::: MATERIAL SUPPLIED :::
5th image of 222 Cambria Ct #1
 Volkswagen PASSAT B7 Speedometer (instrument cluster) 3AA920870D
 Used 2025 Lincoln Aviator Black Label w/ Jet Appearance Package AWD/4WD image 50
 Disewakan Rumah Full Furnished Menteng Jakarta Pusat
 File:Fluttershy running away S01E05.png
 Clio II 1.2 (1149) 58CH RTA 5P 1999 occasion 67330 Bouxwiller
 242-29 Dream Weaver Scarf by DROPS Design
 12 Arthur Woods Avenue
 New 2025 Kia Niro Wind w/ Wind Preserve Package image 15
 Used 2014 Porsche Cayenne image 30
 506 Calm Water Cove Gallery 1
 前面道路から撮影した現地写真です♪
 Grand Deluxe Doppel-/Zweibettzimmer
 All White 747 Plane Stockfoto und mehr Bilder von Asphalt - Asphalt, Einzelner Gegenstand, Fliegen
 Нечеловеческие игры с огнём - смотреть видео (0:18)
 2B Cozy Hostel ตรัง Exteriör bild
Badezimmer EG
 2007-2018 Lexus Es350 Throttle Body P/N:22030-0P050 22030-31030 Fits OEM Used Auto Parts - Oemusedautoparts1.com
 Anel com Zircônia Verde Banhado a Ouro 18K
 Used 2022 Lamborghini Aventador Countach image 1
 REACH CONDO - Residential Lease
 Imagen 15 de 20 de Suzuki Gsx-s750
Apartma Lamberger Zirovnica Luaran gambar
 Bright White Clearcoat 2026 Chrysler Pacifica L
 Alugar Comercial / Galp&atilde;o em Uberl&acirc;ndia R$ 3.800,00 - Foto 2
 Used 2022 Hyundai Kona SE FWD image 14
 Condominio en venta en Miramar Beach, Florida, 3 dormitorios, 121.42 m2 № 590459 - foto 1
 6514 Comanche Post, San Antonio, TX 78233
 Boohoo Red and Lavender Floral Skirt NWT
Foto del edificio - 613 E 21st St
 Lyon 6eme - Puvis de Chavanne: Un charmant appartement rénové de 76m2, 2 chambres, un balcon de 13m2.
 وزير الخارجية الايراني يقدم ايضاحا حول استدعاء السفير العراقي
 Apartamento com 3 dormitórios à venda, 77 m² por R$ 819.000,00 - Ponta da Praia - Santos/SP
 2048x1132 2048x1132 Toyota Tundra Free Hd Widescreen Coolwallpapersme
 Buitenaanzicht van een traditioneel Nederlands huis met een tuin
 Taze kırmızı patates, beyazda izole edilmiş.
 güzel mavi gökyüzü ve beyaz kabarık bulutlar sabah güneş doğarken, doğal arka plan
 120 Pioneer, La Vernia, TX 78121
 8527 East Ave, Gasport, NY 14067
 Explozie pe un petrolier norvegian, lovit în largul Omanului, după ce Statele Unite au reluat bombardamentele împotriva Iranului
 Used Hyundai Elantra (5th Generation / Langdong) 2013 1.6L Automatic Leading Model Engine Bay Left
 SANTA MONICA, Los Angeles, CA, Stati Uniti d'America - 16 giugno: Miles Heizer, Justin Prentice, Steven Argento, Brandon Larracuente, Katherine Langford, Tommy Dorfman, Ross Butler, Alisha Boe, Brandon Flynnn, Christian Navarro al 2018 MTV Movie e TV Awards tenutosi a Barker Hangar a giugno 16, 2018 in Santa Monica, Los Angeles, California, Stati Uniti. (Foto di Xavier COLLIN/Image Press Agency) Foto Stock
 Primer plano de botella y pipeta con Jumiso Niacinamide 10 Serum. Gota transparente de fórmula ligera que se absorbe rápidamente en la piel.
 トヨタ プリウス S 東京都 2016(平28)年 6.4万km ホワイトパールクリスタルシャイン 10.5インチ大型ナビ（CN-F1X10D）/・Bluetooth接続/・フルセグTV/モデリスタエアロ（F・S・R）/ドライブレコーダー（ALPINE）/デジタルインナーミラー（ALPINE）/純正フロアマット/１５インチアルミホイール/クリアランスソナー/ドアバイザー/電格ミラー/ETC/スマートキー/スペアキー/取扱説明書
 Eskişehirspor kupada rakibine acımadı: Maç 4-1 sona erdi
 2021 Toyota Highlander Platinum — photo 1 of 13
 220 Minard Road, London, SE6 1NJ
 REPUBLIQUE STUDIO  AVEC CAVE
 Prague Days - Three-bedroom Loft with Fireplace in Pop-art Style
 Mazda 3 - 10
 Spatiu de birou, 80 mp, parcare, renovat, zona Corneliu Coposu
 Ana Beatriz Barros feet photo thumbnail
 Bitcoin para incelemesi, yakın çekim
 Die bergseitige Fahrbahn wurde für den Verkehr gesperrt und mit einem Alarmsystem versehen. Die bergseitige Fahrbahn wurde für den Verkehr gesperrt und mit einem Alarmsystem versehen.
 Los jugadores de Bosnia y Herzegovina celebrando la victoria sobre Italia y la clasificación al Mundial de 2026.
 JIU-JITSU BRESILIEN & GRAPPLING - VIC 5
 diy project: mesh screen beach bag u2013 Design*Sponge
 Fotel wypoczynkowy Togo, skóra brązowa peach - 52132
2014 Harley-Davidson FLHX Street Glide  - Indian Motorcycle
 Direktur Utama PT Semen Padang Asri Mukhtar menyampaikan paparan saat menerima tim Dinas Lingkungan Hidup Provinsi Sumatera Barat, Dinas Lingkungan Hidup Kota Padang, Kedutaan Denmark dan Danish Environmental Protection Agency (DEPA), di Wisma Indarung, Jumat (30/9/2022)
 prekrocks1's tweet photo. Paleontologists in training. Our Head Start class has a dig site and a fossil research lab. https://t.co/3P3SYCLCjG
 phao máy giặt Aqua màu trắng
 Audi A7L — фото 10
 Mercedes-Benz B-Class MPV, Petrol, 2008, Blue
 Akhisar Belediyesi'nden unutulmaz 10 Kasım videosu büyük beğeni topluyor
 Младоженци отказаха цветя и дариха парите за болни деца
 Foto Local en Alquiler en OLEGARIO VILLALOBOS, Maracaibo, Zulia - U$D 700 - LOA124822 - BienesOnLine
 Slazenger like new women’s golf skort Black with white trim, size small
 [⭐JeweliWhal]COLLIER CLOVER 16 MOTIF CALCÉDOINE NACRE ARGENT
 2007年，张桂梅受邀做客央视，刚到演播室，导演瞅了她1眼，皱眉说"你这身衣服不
:::
In your answer, include only the lines above starting at the line that holds "New 2025 Kia" and ending at the line that holds "REACH CONDO - Residential Lease", copied exactly.

• **ANSWER TO THE EXERCISE**:
 New 2025 Kia Niro Wind w/ Wind Preserve Package image 15
 Used 2014 Porsche Cayenne image 30
 506 Calm Water Cove Gallery 1
 前面道路から撮影した現地写真です♪
 Grand Deluxe Doppel-/Zweibettzimmer
 All White 747 Plane Stockfoto und mehr Bilder von Asphalt - Asphalt, Einzelner Gegenstand, Fliegen
 Нечеловеческие игры с огнём - смотреть видео (0:18)
 2B Cozy Hostel ตรัง Exteriör bild
Badezimmer EG
 2007-2018 Lexus Es350 Throttle Body P/N:22030-0P050 22030-31030 Fits OEM Used Auto Parts - Oemusedautoparts1.com
 Anel com Zircônia Verde Banhado a Ouro 18K
 Used 2022 Lamborghini Aventador Countach image 1
 REACH CONDO - Residential Lease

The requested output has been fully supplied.